Soon afterward, the team found evidence bolstering the supposition that the outer planets in the system could hold significant stores of water. “It’s amazing how quickly our perspective on this [system] has changed,” de Wit— then a postdoc in the group of Sara Seager, Class of 1941 Professor of Physics and Planetary Science—told MIT News in 2017. “It’s a steep learning curve that is really exciting.” In July 2018, de Wit began a faculty appointment as assistant professor in MIT’s Department of Earth, Atmospheric, and Planetary Sciences (EAPS).

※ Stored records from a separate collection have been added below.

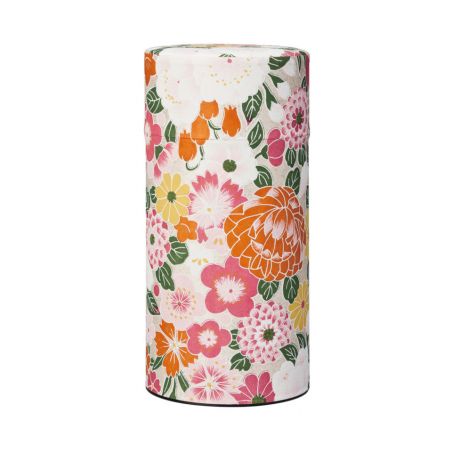 Japanese orange tea caddy in washi paper, HEISEIYUZEN HYAKA, 200 g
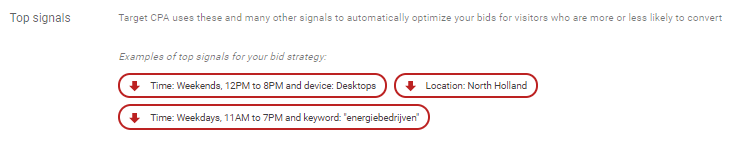 Screenshot van wat Smart bidding is in de Google Ads-feature.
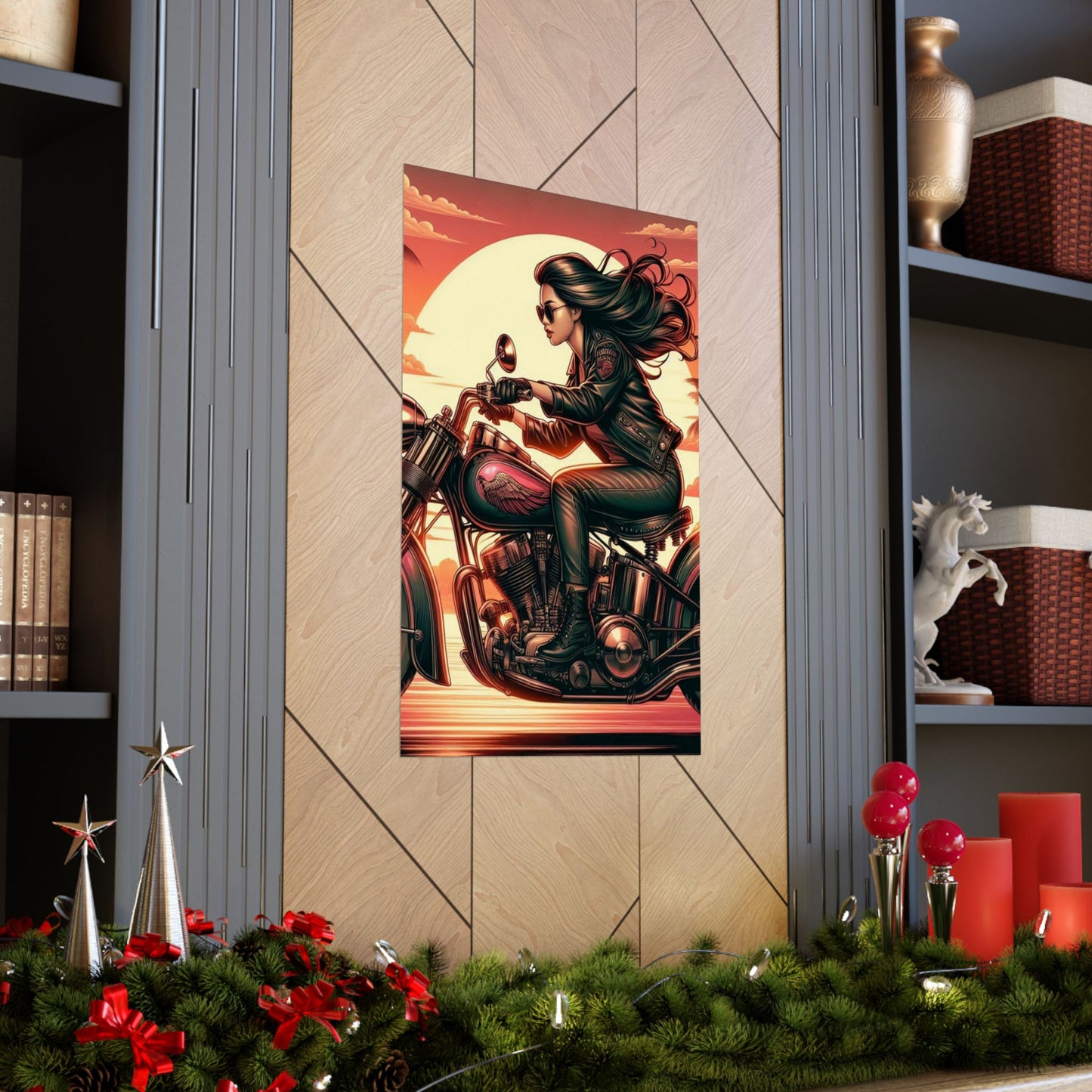Poster- Motorcycle Pinup-Garage Decor-Man Cave-Retro Wall Art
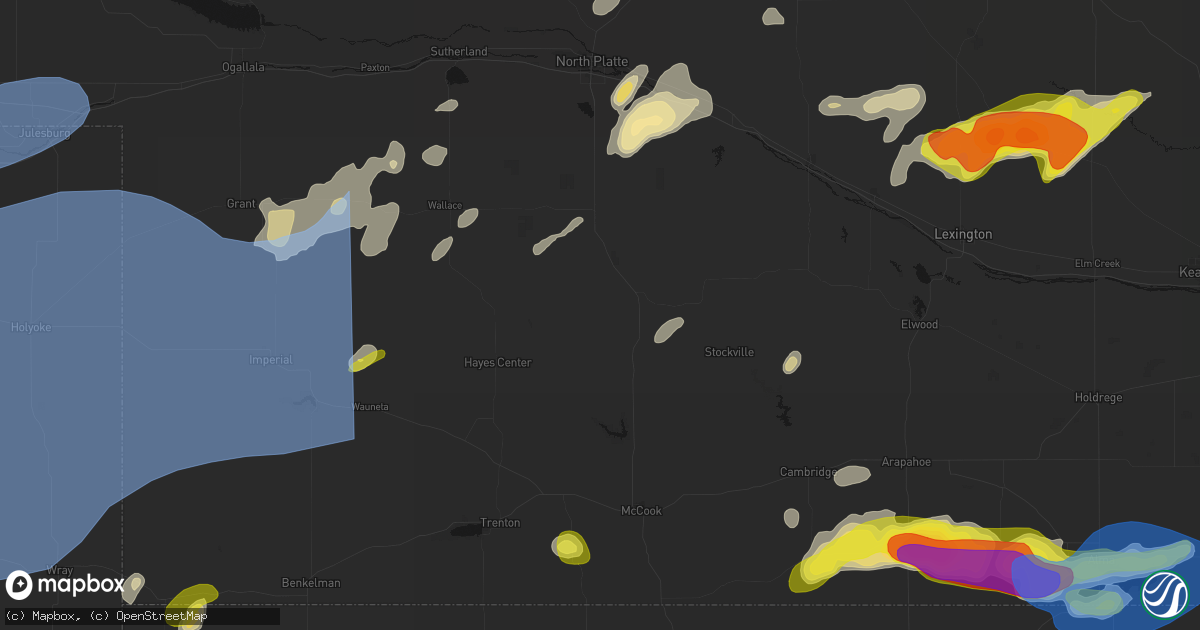 Hail map in Maywood, NE on June 8, 2026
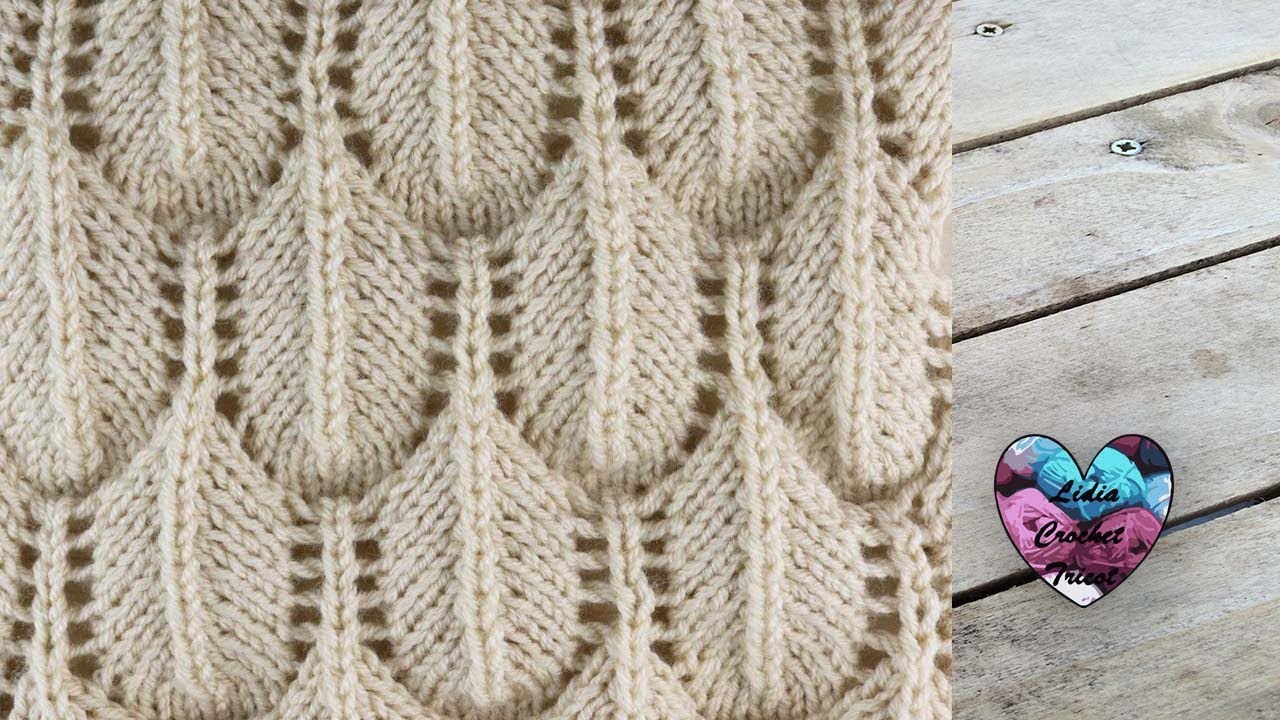 Tricot Point plumes en relief /Feathers stitches English Subtitles knitting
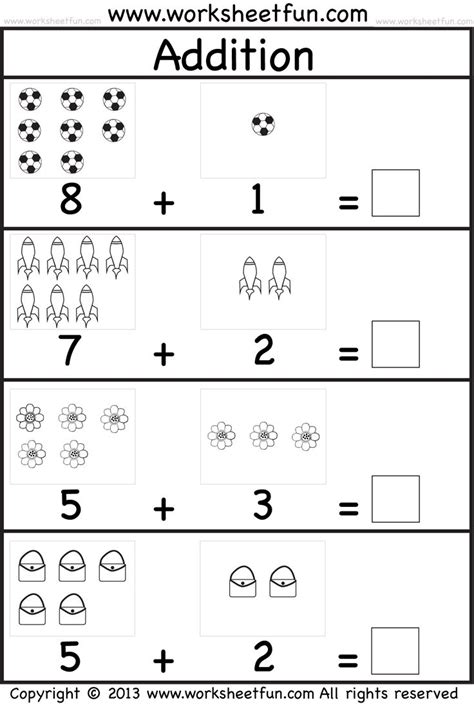 kindergarten addition kindergarten addition worksheets kindergarten
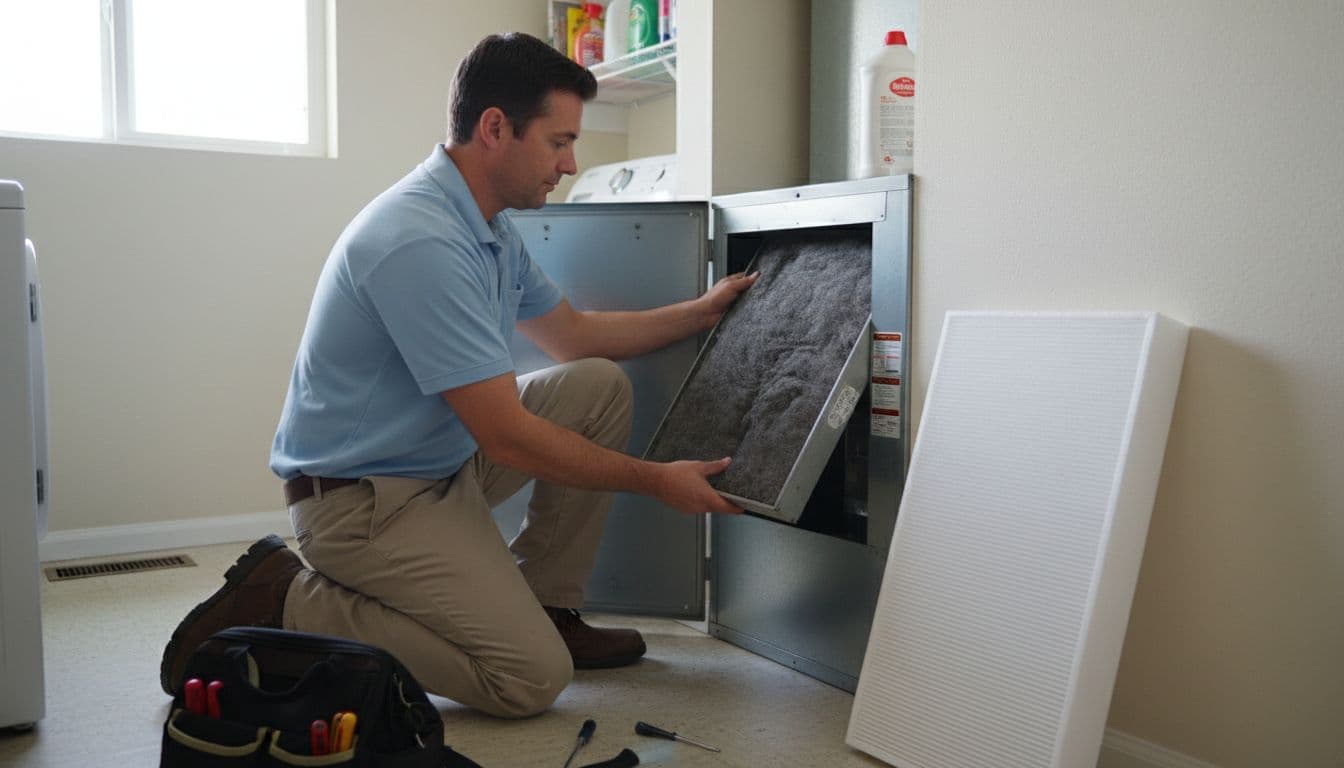 HVAC technician in home mid-process removes clogged air filter from air handler, clean filter ready nearby.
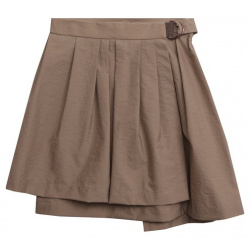 Хлопковая юбка Brunello Cucinelli B0F79G072B Создавая бежевую юбку с запахом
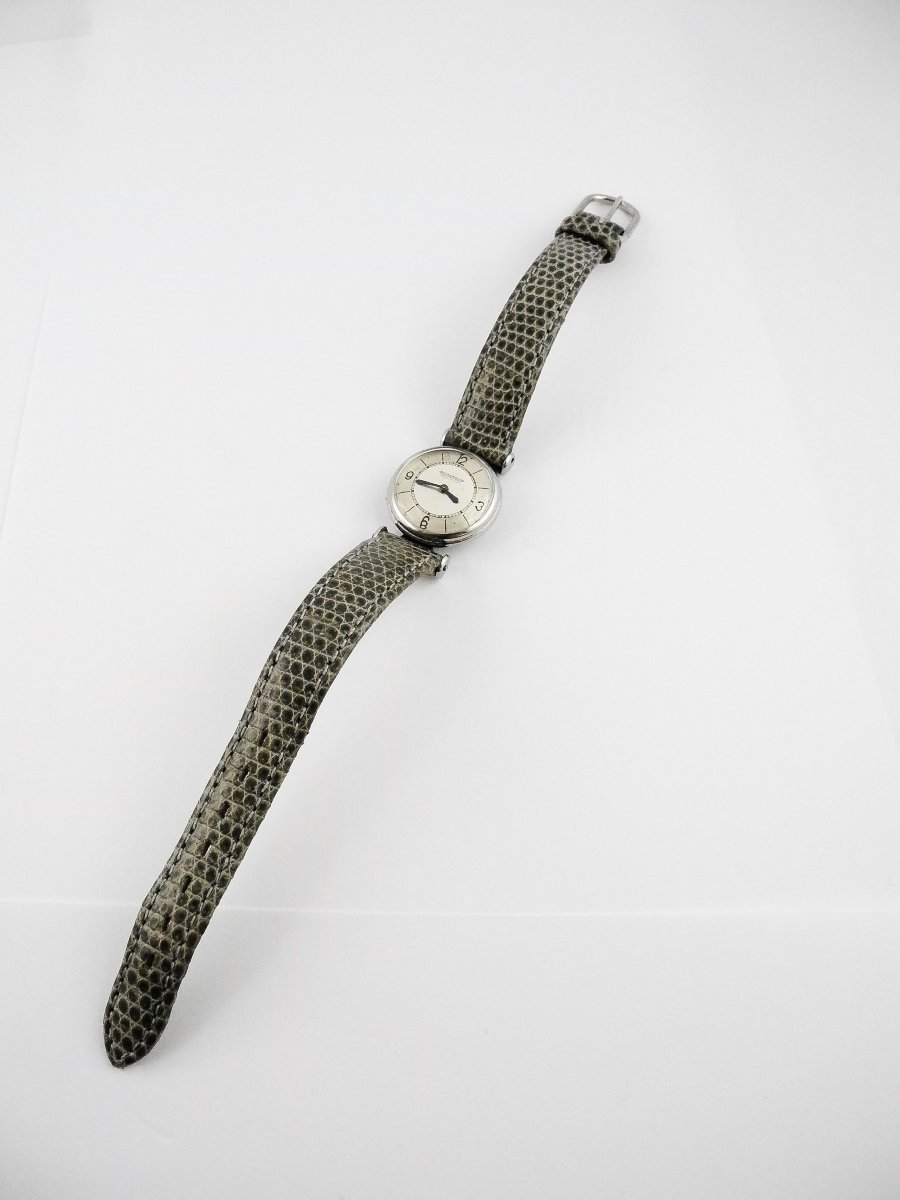 Montre Dame Jaeger Lecoultre Duoplan Petit Format Années 50 Mécanique Acier sur Cuir-photo-7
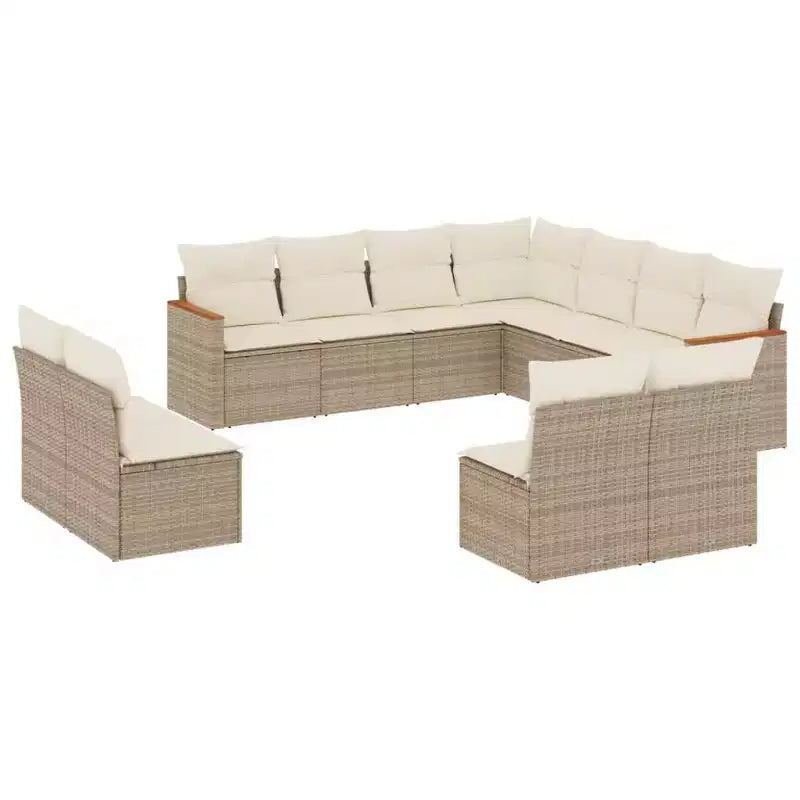 vidaXL 12 Piece Patio Sofa Set with Cushions Poly Rattan, Modular Outdoor Sectional Conversation Set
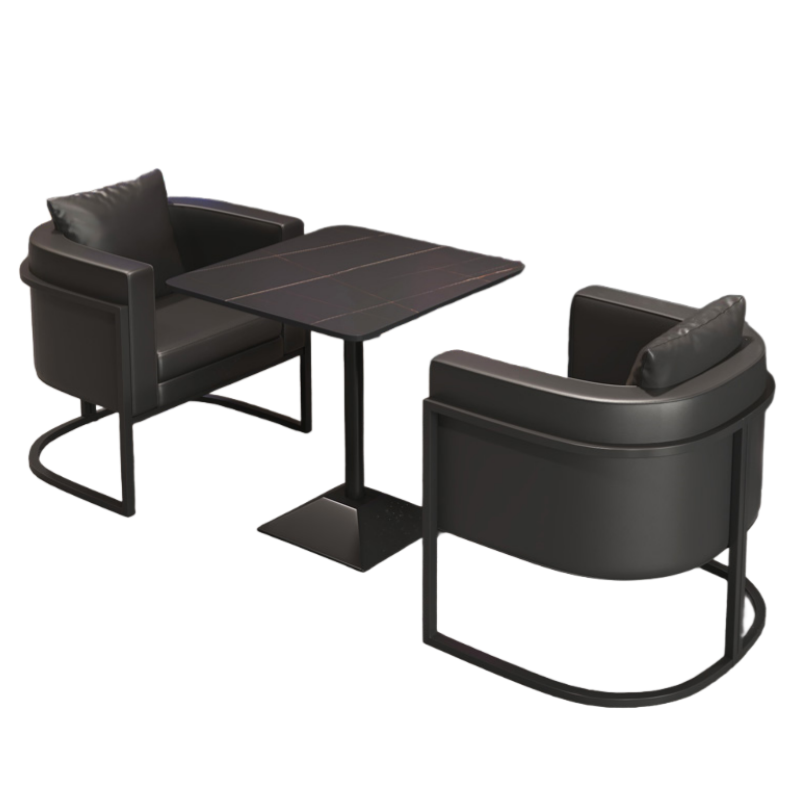 智叶舟洽谈沙发组合单人位*2+方几套高清大图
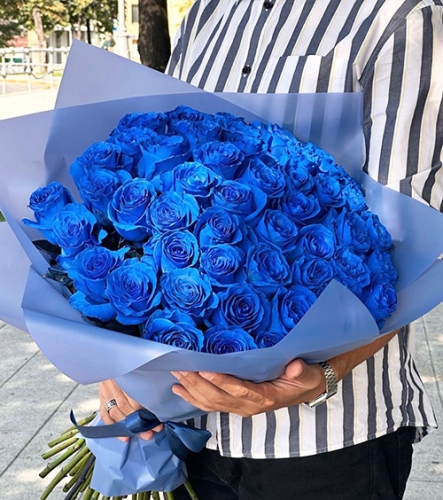 Букет из 51 синей розы Эквадор (60 см) в Фрязино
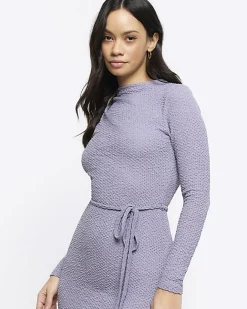 River Island textured belted bodycon midi dress Blue Fashion
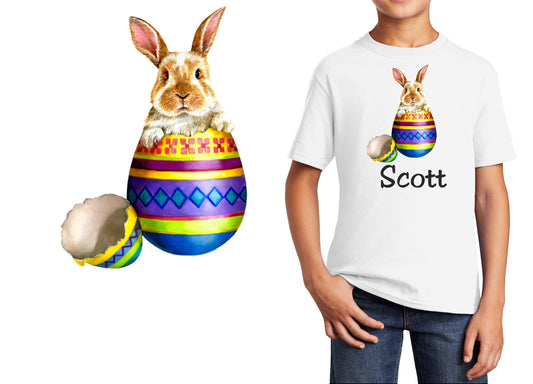 Personalized Kids T-Shirt Easter Bunny in Egg Design, T-Shirt, Colorful, Cotton, Low Price Inexpensive Tee Shirt, Student Gift, Easter Gift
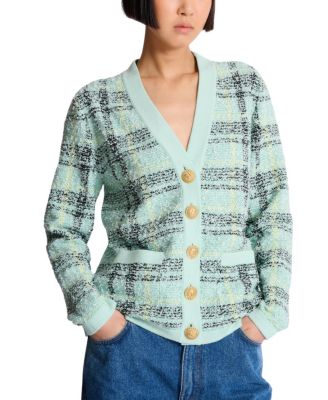  Loose Glitter Tweed Cardigan
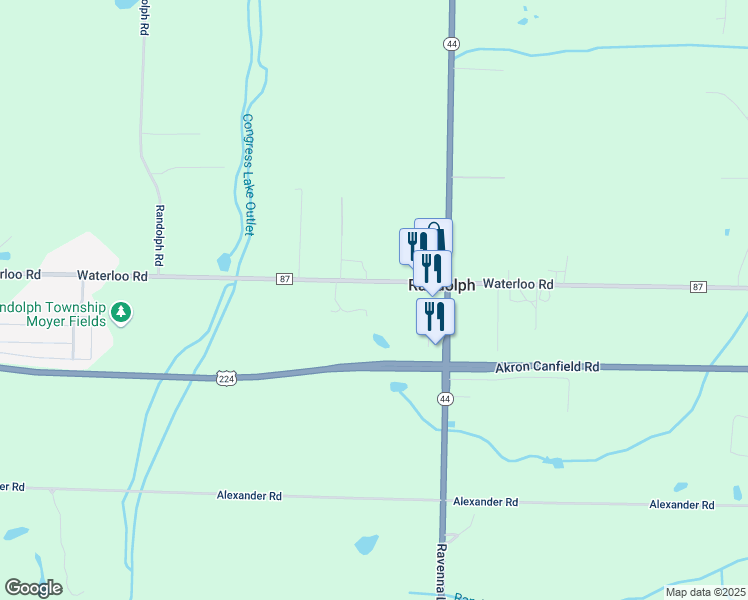 map of restaurants, bars, coffee shops, grocery stores, and more near 3908 Waterloo Road in Mogadore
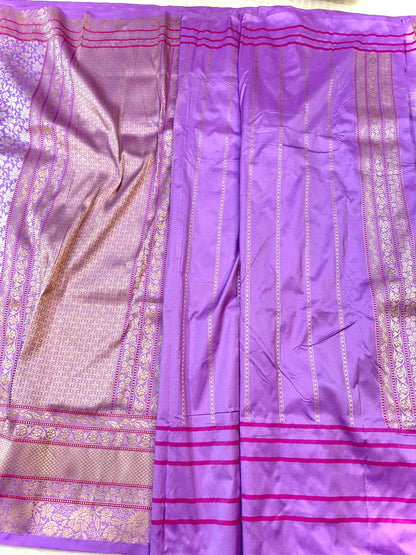 Lavender Skirt Pattern Designer Handloom Banarasi Katan by Katan Silk Saree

De Wit now leads the effort to characterize the atmospheres of the newly discovered TRAPPIST-1 planets. So far, using the Hubble Space Telescope, his team has ruled out the presence of hydrogen-dominated atmospheres (which would be typical of inhospitable, gaseous planets such as Neptune) for the five innermost planets of the system. These results strengthen the case that Earthlike conditions could potentially exist within the system, and lay the groundwork for more targeted observations via NASA’s James Webb Space Telescope, scheduled to launch in 2021.

De Wit is also involved in the effort to establish an observatory in the Northern Hemisphere (part of a project whimsically dubbed SPECULOOS, after a popular cookie from de Wit’s native Belgium). This new network of telescopes will expand upon the TRAPPIST prototype, continuing the search for new potentially habitable systems.

According to de Wit, “The door now stands open to expanding our understanding of planetary systems, habitats, life, and ultimately our own planet, through the discovery and study of new terrestrial exoplanets that can be characterized in-depth. This has the potential to be paradigm-shifting.”